* _THE TASK_:
Starting with the line containing "Gebraucht BMW 123" and going on through the line containing "Maison 4 pièces", return the lines of the data below exactly, and only those.

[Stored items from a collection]
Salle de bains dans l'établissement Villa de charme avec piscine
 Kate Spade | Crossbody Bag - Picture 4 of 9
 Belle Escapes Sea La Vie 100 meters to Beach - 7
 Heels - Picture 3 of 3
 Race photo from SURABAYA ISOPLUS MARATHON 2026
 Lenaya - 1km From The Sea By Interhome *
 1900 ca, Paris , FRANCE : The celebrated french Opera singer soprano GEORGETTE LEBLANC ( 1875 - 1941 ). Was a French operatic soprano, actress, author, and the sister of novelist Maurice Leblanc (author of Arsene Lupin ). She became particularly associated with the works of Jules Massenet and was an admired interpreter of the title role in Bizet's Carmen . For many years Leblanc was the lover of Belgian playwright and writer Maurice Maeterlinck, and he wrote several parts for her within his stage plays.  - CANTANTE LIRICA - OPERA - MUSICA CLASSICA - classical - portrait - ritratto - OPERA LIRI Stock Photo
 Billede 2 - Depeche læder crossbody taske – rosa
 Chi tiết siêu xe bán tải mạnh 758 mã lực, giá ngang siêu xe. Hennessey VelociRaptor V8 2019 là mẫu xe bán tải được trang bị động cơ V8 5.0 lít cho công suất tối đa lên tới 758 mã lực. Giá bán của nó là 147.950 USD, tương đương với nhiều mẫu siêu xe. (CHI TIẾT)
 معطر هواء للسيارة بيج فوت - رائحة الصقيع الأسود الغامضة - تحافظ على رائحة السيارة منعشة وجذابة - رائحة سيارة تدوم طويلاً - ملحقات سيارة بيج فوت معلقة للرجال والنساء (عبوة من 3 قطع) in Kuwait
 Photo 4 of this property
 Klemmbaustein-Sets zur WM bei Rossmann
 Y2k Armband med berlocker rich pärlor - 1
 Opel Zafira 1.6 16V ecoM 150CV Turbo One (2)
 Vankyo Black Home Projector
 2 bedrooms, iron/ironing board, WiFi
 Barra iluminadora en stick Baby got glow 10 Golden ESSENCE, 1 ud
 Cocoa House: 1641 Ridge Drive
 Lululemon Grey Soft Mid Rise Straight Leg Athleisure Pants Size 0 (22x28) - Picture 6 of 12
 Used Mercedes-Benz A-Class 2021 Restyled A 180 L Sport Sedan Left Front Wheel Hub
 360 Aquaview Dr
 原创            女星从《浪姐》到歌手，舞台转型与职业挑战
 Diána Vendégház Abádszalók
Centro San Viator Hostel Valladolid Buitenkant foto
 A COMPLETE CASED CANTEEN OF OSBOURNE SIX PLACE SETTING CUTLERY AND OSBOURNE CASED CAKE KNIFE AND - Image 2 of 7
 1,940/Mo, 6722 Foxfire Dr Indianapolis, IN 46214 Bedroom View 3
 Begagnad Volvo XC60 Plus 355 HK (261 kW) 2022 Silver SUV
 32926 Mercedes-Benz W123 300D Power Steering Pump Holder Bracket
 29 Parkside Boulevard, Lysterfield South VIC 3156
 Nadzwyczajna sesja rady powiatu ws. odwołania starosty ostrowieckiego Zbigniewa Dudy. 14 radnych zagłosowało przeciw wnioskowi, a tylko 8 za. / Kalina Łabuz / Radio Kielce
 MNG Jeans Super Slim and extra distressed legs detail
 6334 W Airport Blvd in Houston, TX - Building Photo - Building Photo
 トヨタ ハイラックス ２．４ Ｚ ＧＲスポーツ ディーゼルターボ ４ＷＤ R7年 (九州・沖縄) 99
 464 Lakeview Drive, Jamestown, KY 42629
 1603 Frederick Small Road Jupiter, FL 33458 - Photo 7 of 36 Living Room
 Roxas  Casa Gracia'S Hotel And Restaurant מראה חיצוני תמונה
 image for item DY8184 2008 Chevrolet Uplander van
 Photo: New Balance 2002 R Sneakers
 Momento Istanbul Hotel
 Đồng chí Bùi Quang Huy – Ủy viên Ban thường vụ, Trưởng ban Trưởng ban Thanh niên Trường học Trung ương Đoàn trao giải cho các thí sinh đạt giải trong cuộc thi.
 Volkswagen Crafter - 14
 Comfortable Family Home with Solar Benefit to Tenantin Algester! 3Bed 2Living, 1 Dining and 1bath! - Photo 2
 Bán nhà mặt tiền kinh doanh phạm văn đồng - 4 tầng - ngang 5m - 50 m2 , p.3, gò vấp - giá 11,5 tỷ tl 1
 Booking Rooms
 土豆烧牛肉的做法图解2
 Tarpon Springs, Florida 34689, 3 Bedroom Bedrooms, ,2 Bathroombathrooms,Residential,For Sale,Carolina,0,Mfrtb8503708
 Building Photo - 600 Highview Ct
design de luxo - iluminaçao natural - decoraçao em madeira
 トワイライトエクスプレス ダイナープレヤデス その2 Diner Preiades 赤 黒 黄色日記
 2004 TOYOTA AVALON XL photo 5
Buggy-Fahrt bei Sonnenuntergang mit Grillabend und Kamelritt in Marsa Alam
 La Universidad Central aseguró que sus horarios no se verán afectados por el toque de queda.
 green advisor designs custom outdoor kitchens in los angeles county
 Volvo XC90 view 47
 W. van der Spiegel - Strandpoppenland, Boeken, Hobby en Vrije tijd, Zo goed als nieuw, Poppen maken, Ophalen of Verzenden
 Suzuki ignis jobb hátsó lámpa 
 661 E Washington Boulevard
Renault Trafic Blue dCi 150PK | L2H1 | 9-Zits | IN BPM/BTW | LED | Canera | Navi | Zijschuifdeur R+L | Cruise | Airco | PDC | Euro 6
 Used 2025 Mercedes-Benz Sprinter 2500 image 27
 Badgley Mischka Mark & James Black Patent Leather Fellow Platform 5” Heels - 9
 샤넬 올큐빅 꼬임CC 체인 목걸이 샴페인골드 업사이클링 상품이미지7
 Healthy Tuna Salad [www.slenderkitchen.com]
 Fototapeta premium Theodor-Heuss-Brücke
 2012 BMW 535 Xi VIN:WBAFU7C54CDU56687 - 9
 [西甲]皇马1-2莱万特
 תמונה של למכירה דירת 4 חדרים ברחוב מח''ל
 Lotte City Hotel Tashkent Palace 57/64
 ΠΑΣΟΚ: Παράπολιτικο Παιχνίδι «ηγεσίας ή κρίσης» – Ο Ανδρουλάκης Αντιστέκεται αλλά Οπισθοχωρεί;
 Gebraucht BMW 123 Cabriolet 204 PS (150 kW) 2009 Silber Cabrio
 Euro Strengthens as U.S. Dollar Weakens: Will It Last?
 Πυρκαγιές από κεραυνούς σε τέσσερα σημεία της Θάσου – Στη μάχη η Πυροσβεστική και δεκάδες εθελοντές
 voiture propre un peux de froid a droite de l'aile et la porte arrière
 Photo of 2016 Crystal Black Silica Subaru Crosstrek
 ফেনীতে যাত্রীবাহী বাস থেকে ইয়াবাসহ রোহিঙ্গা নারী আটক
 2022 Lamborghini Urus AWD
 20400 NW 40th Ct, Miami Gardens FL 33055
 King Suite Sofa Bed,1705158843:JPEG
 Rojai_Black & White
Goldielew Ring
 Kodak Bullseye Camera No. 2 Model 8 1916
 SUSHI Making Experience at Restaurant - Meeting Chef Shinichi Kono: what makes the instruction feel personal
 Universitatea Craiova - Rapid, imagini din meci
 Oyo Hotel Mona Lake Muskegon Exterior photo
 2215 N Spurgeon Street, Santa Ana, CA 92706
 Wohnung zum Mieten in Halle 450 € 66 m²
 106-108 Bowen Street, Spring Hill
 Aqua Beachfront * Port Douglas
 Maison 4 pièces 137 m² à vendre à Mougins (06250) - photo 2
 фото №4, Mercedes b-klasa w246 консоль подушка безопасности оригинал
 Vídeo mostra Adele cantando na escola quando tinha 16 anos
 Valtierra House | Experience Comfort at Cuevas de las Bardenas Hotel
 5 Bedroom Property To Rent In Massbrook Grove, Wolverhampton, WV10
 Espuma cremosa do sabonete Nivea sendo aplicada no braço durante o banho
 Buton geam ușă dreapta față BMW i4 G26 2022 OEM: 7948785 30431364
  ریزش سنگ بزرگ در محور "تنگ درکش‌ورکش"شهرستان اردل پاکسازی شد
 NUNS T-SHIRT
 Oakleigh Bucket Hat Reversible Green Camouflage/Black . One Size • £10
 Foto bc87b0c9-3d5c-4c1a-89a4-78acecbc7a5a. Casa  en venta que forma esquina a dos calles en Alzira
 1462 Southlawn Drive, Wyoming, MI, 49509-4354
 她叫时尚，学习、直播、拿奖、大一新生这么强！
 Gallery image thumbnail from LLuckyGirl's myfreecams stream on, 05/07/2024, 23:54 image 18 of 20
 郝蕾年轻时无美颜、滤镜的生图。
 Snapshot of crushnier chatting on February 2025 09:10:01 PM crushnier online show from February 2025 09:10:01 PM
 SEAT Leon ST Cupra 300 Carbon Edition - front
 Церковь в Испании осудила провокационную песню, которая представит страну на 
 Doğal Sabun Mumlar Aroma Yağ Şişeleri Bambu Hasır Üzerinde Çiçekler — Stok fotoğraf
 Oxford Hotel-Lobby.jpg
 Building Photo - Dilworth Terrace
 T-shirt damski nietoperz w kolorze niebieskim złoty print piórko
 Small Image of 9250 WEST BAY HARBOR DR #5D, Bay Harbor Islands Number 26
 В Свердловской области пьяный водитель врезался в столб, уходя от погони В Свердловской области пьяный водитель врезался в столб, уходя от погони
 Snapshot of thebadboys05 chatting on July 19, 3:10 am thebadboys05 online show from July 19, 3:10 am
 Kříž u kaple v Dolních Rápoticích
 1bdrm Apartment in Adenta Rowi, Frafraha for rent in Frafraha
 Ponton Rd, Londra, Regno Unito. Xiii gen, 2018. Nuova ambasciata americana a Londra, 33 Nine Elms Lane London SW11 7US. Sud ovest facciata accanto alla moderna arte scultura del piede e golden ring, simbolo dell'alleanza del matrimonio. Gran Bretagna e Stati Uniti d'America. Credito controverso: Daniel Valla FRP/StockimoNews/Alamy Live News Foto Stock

* _TASK SOLUTION_:
 Gebraucht BMW 123 Cabriolet 204 PS (150 kW) 2009 Silber Cabrio
 Euro Strengthens as U.S. Dollar Weakens: Will It Last?
 Πυρκαγιές από κεραυνούς σε τέσσερα σημεία της Θάσου – Στη μάχη η Πυροσβεστική και δεκάδες εθελοντές
 voiture propre un peux de froid a droite de l'aile et la porte arrière
 Photo of 2016 Crystal Black Silica Subaru Crosstrek
 ফেনীতে যাত্রীবাহী বাস থেকে ইয়াবাসহ রোহিঙ্গা নারী আটক
 2022 Lamborghini Urus AWD
 20400 NW 40th Ct, Miami Gardens FL 33055
 King Suite Sofa Bed,1705158843:JPEG
 Rojai_Black & White
Goldielew Ring
 Kodak Bullseye Camera No. 2 Model 8 1916
 SUSHI Making Experience at Restaurant - Meeting Chef Shinichi Kono: what makes the instruction feel personal
 Universitatea Craiova - Rapid, imagini din meci
 Oyo Hotel Mona Lake Muskegon Exterior photo
 2215 N Spurgeon Street, Santa Ana, CA 92706
 Wohnung zum Mieten in Halle 450 € 66 m²
 106-108 Bowen Street, Spring Hill
 Aqua Beachfront * Port Douglas
 Maison 4 pièces 137 m² à vendre à Mougins (06250) - photo 2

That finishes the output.